LONDON: Brent crude held near six-month highs above $117 on Thursday amid worries of further supply disruptions due to tension in the Middle East, while hopes Greece is inching closer to a debt deal and expectations of further easing from the ECB gave support.
Front-month Brent gained 61 cents to $117.81 a barrel by 1014 GMT, rising for an eighth straight day. US crude added 52cents to reach $99.23 a barrel in its third day of increases.
"Instability in the (Middle East) region would see choppy Brent trading through 2012 as supply side fears continue to grab investors' attention," Andrey Kryuchenkov from VTB Capital said in a note.
"Importantly though, it is exactly supply fears that underpin prices while the actual output impact from these events has been largely mitigated for now".
Analysts said that away from geopolitical worries, further injections of long-term liquidity into European banking are helping assuage fears about the sector and stimulating speculative positioning on crude contracts.
"Monetary excess liquidity has been easing financial distress in the European banking sector, so we won't have a banking crisis this year while interest rates have been dropping for Italy and Spain," DnB NOR oil analyst Torbjorn Kjus said. "This is making it easier for speculative money to build up positions in crude".

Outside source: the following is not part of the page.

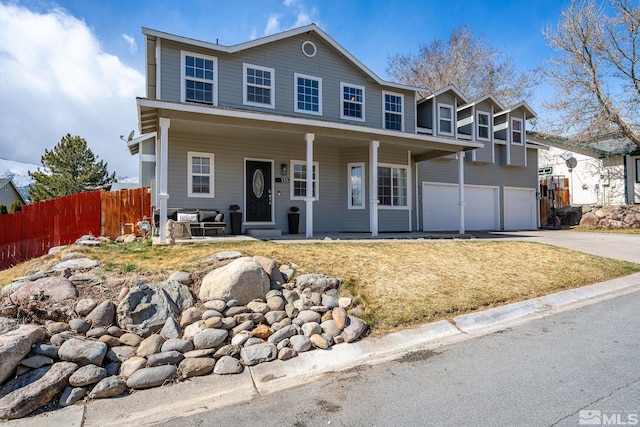 view of front of house featuring fence, driveway, an attached garage, and a porch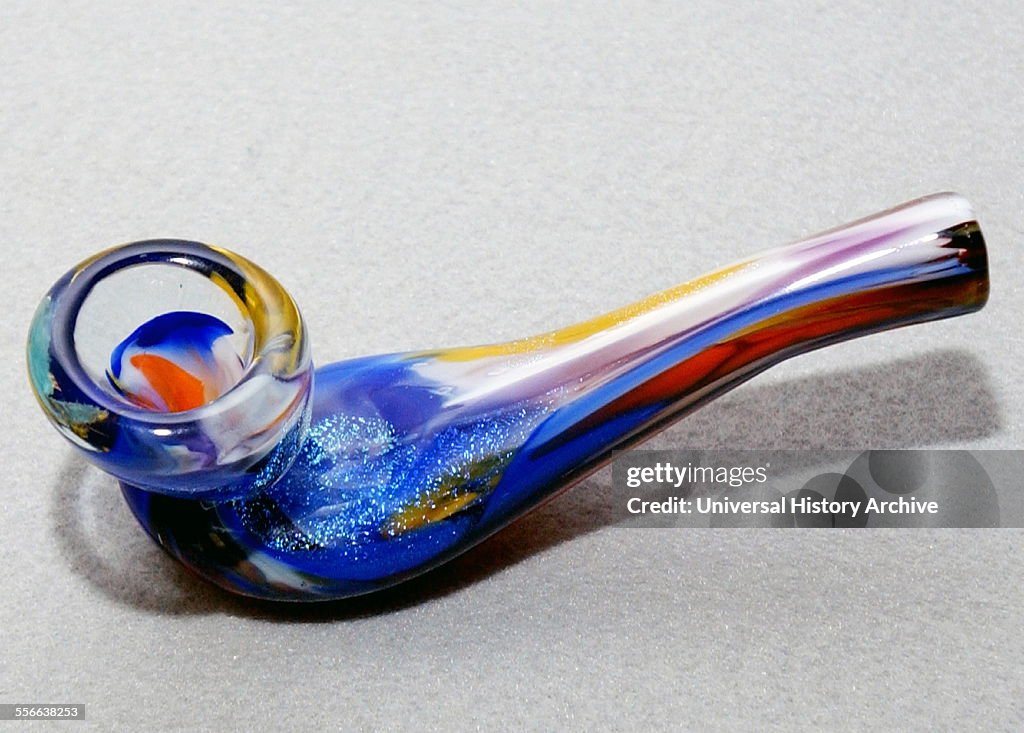 A glass Meth Pipe for inhaling Methamphetamine (also called methylamphetamine, desoxyephedrine, Crystal Meth (or just meth) a man-made stimulant drug.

All eyes will be on what the European Central Bank is willing to do to help Greece when it holds its monthly policy meeting on Thursday, with interest rates expected to stay on hold ahead of a major funding operation later this month.
Investors expect Europe to approve a plan to resolve Greece's debt crisis even as leaders in Athens stopped short of agreeing on the austerity measures.
Meanwhile, Middle East tensions escalated as armoured reinforcements poured into the Syrian city of Homs and Iran renewed a threat against the United States.
Brent's premium against US crude was around $18 on Thursday. It touched an intraday high of $20.71 on Tuesday, the widest since October.
CHINESE INFLATION, DEMAND OUTLOOK
Overnight data from China showed inflation fighting will remain a key topic this year for the world's second largest oil consumer, after the inflation rate accelerated to 4.5 percent in January, ahead of market expectations.
Investors also await forecasts for global oil demand from the Organization of Petroleum Exporting Countries due later in the day and from the International Energy Agency on Friday.
The US EIA this week raised its 2012 and 2013 forecast for global oil demand growth and said supply would tighten as gains in non-OPEC output lag, adding support to oil futures.